A package that would satisfy the requirement is built by this or another
available module but is filtered out after building, by being listed in the
data/filter/rpms
section of the modulemd file. A likely reason that it is
listed there is that it in turn isn’t installable because one of its
requirements can’t be fulfilled. Depending on the circumstances, there are
different possible approaches:
If a package that would fulfill a dependency isn’t part of any available module, one can add it to an existing module as a component or to create a new module for it (if filtering out the package that causes the dependency isn’t an option). If the component on its own is only useful in conjunction with the software contained in the module that can’t be installed the best place is to put it there. If it has wider uses, a decision needs to be made if another existing module or a newly created one is the best place for it.

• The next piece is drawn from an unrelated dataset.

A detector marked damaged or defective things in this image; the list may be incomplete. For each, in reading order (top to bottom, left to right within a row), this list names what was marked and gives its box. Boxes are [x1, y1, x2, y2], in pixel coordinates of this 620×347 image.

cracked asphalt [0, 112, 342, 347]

If any of the packages which are installed on the system or would be installed with the module conflict with each other because of the contained files, version requirements or the like, these need to be resolved. How that is done is outside the scope of this document.
Fixing component-level dependency issues can generally be done in two ways: Either by providing whatever is missing or by removing the need for it in the first place.

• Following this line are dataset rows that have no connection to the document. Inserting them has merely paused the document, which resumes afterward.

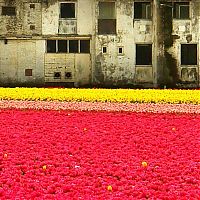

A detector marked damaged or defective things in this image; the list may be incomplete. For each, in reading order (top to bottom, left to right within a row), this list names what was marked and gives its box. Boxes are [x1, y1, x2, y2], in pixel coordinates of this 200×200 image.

broken window [59, 2, 75, 18]
broken window [98, 1, 116, 34]
broken window [134, 2, 151, 19]
broken window [173, 2, 189, 19]
broken window [136, 44, 152, 65]
broken window [180, 44, 196, 65]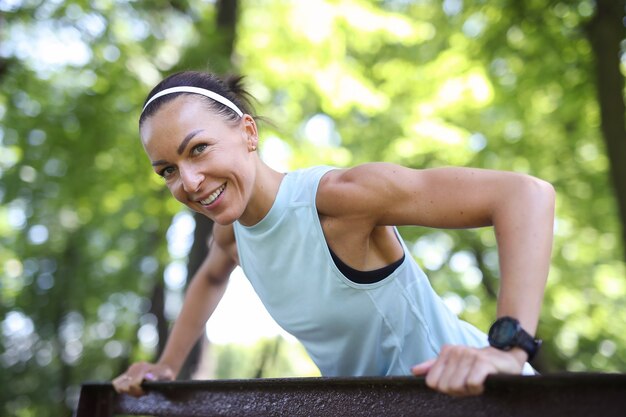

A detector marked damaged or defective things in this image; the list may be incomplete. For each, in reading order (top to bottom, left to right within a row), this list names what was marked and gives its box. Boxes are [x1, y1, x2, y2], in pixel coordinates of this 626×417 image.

rusty metal bar [77, 374, 624, 416]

If a package whose dependency can’t be fulfilled isn’t part of the API of the
module or required directly or indirectly by an API package it can be filtered
out by adding it to the data/filter/rpms
list in the modulemd file. This is
an approach that usually requires little work beyond establishing that these
prerequisites are met.
Adding a component to a module (or creating a new one) isn’t a one-step process
because the component may have unfulfilled dependencies of its own (which can
have other dependencies and so forth). Using a lather-rinse-repeat approach is
time-consuming (you’d have to wait for a compose to happen before testing the
changed module is possible) but the information to resolve these issues is
available from the outset, assuming that the dependencies are resolvable within
the set of Fedora packages. Instead of trying to resolve this manually (which
can be time-consuming on its own), one can use tools like fedmod
to generate
the whole dependency chain programmatically.

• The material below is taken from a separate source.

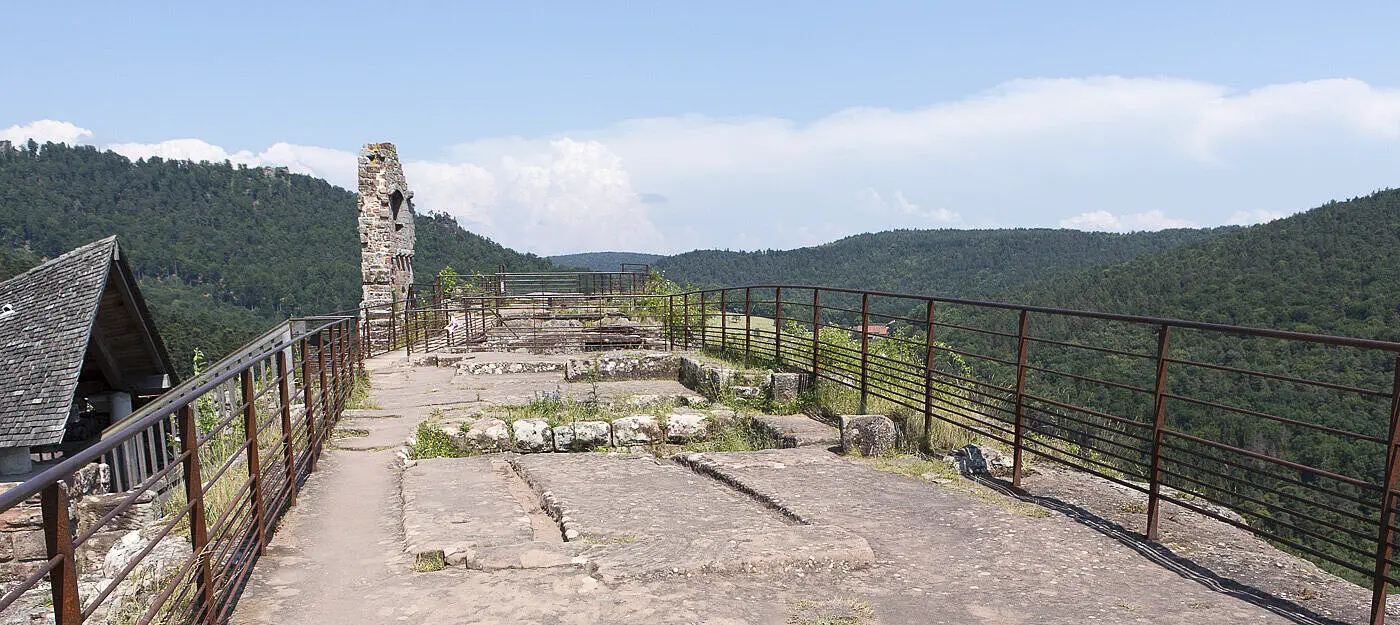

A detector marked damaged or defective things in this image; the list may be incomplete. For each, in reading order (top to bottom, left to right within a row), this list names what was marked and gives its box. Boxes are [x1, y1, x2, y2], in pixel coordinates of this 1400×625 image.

rusty metal railing [1, 316, 361, 625]
rusty metal railing [660, 285, 1400, 622]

The first step is to use fedmod rpm2module <component>
which creates a
modulemd file for a module containing the component and its dependencies. If
one wanted to do just that (and nothing failed) besides getting the module
reviewed and made available. Regardless of if the component should go into an
existing module or shouldn’t be filtered out any longer, the information in the
generated modulemd file can be used to augment the module that should carry it
(arguably more work but still less than resolving dependencies manually, one at
a time).
Consider this error while attempting to install a module 389-ds
:
$ dnf module install 389-ds
Fedora - Bikeshed - Developmental packages for the next Fedora release 8.5 MB/s | 3.5 MB 00:00
Last metadata expiration check: 0:00:00 ago on Fri 13 Oct 2017 02:44:48 PM UTC.
Error:
Problem 1: conflicting requests
- nothing provides libtcmalloc.so.4()(64bit) needed by 389-ds-base-libs-1.3.7.4-1.module_506864e9.x86_64
Problem 2: conflicting requests
- nothing provides libtcmalloc.so.4()(64bit) needed by 389-ds-base-1.3.7.4-1.module_506864e9.x86_64
In this case one needs to find out which package provides
libtcmalloc.so.4()(64bit)
, e.g. by running dnf repoquery --whatprovides
<dependency>
on an (as of now at least) not yet modular Fedora system and if
necessary dnf info <package>
to find out the source package which can then
be added to a module.
Often, removing dependencies is done by disabling a component feature that is
not needed in a module but would pull in a whole tree of other dependencies.
It would be the right approach more often for components that aren’t part of a
module’s API. This approach is trickier because you then need to introduce a
macro to enable or disable the functionality (and the dependencies in question)
in the spec file of the component, and you need to take care that its use in
data/buildopts/rpms/macros
doesn’t introduce side effects in the other
components which are built as part of the module.